Telemetry Collection¶
TelemetryLogger¶
- class TelemetryLogger¶
Thread-safe telemetry logger for event pipeline monitoring.
Methods:
- start_event(event_name: str, task_id: str, process_id: int | None = None)¶
Record the start of an event execution.
- end_event(task_id: str, error: str | None = None)¶
Record the end of an event execution.
- record_retry(task_id: str)¶
Record a retry attempt for an event.
- get_metrics(task_id: str) EventMetrics | None¶
Get metrics for a specific task.
NetworkTelemetry¶
- class NetworkTelemetry¶
Thread-safe telemetry for network operations.
Methods:
- start_operation(task_id: str, host: str, port: int, operation: str = 'remote_call')¶
Record the start of a network operation.
- end_operation(task_id: str, bytes_sent: int = 0, bytes_received: int = 0, error: str | None = None)¶
Record the end of a network operation.
- get_metrics(task_id: str) NetworkMetrics | None¶
Get metrics for a specific operation.
- get_failed_operations() Dict[str, NetworkMetrics]¶
Get metrics for all failed operations.
- get_slow_operations(threshold_seconds: float = 1.0) Dict[str, NetworkMetrics]¶
Get metrics for operations that took longer than threshold.
Metrics Publishing¶
MetricsPublisher¶
- class MetricsPublisher¶
Base interface for metrics publishing adapters.
Methods:
- publish_event_metrics(metrics: EventMetrics)¶
Publish event metrics to the backend system.

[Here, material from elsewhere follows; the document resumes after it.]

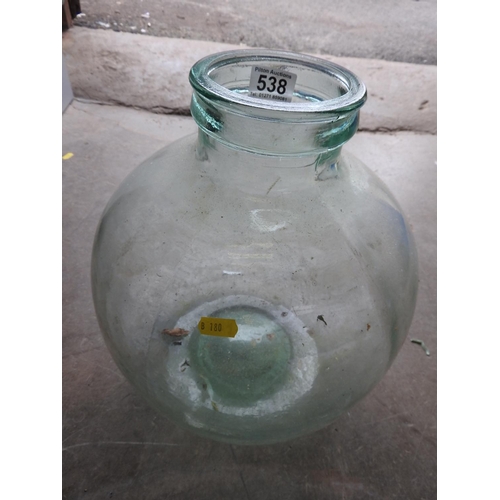 538 - Glass carboy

- publish_network_metrics(metrics: dict)¶
Publish network metrics to the backend system.
ElasticsearchPublisher¶
- class ElasticsearchPublisher¶
Publishes metrics to Elasticsearch.
Parameters:
- Parameters:
hosts – List of Elasticsearch hosts
index_prefix – Prefix for metrics indices
**kwargs –
Additional Elasticsearch client options
PrometheusPublisher¶
- class PrometheusPublisher¶
Exposes metrics for Prometheus scraping.
Parameters:
- Parameters:
port – Port to expose metrics on
addr – Interface address to bind to
registry – Custom Prometheus registry
GrafanaCloudPublisher¶
- class GrafanaCloudPublisher¶
Publishes metrics to Grafana Cloud.
Parameters:
- Parameters:
api_key – Grafana Cloud API key
org_slug – Organization identifier
endpoint – Custom API endpoint
CompositePublisher¶
- class CompositePublisher¶
Publishes metrics to multiple backends simultaneously.
Parameters:
- Parameters:
publishers – List of MetricsPublisher instances
Utility Functions¶
- monitor_events(publishers: List[MetricsPublisher] | None = None)¶
Start monitoring pipeline events and collecting metrics.
- get_metrics() str¶
Get all collected metrics as JSON string.
- get_failed_events() list¶
Get metrics for all failed events.
- get_slow_events(threshold_seconds: float = 1.0) List[Dict[str, Any]]¶
Get metrics for events that took longer than threshold.
- get_retry_stats() Dict[str, Any]¶
Get retry statistics.
- get_failed_network_ops() Dict[str, Any]¶
Get metrics for failed network operations.
- get_slow_network_ops(threshold_seconds: float = 1.0) Dict[str, Any]¶
Get metrics for slow network operations.